Dataset content =>
------------------------------------------------

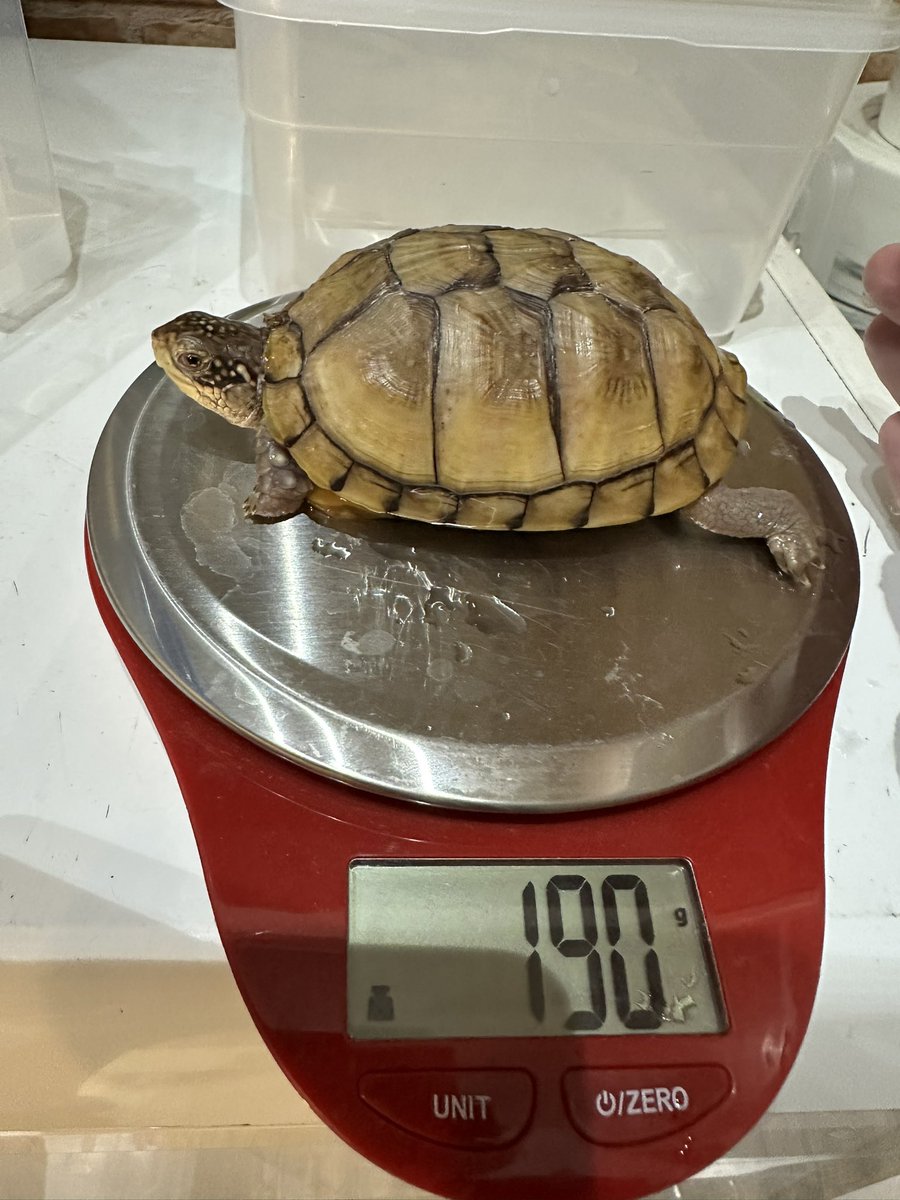 爬虫類ショップ 天和（tenwa_reptiles） tweet media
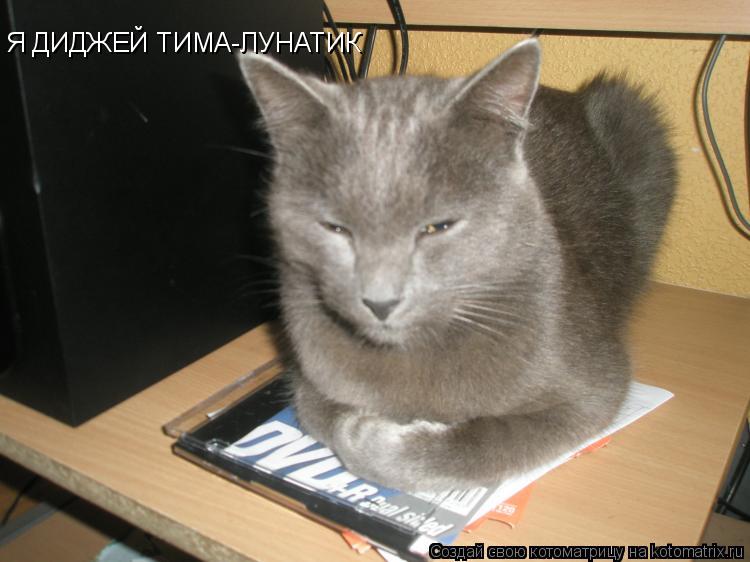 Котоматрица: Я ДИДЖЕЙ ТИМА-ЛУНАТИК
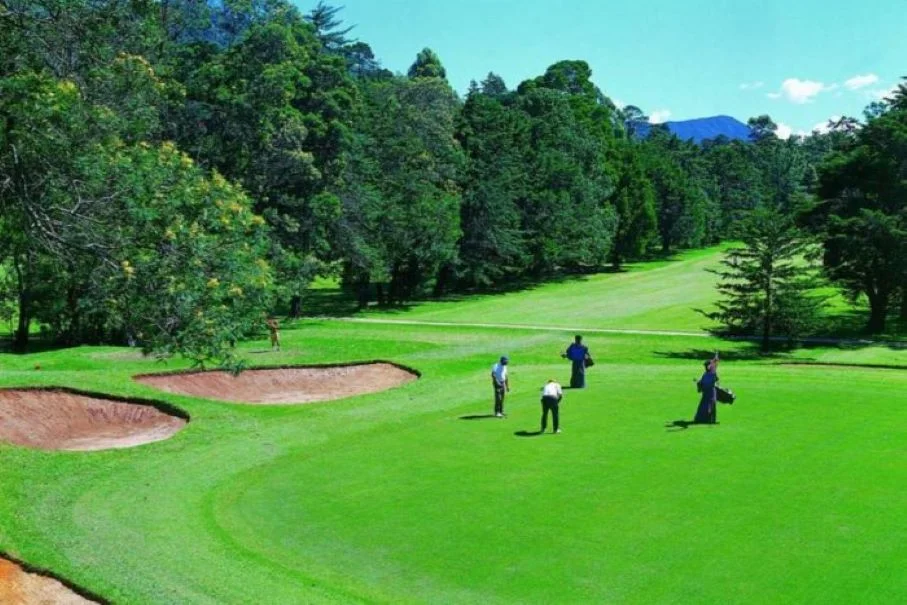 Scenic fairways and pine trees at the historic 1889 Nuwara Eliya Golf Club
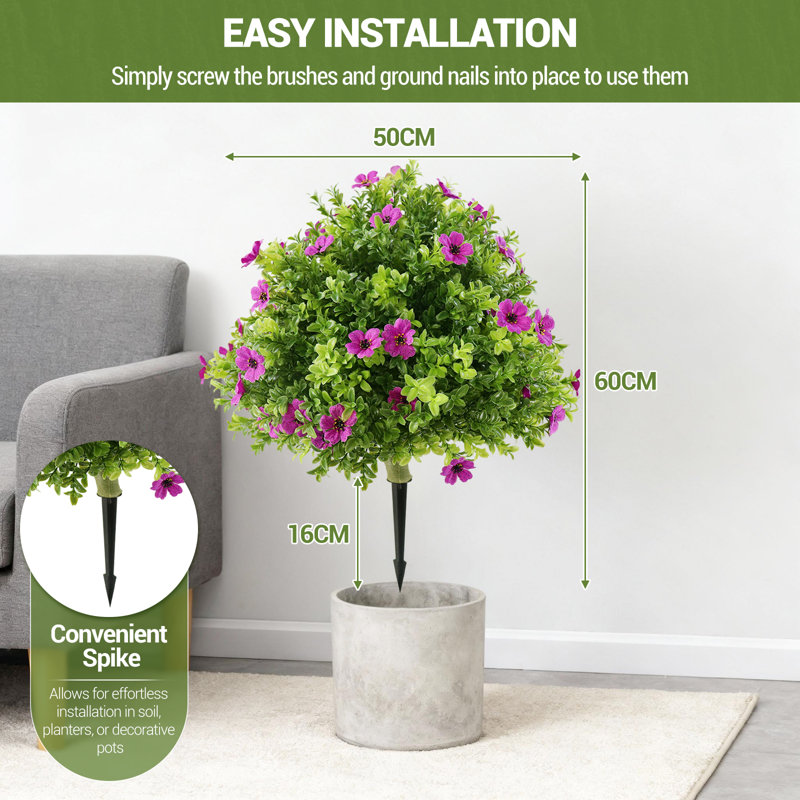 60cm Plant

------------------------------------------------

Problem description => Retype the entire listing exactly as it appears, dropping only the pictures.

Exercise response =>
 爬虫類ショップ 天和（tenwa_reptiles） tweet media
 Котоматрица: Я ДИДЖЕЙ ТИМА-ЛУНАТИК
 Scenic fairways and pine trees at the historic 1889 Nuwara Eliya Golf Club
 60cm Plant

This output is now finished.